> **Records to process**
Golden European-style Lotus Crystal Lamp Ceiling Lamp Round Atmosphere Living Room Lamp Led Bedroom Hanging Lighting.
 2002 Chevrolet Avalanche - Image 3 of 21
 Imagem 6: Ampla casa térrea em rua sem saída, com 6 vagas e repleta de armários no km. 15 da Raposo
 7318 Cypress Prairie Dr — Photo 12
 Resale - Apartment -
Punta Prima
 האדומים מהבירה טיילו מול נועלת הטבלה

> **Prompt**
Repeat the material in full, exactly as written.

> **Answer to the problem**
Golden European-style Lotus Crystal Lamp Ceiling Lamp Round Atmosphere Living Room Lamp Led Bedroom Hanging Lighting.
 2002 Chevrolet Avalanche - Image 3 of 21
 Imagem 6: Ampla casa térrea em rua sem saída, com 6 vagas e repleta de armários no km. 15 da Raposo
 7318 Cypress Prairie Dr — Photo 12
 Resale - Apartment -
Punta Prima
 האדומים מהבירה טיילו מול נועלת הטבלה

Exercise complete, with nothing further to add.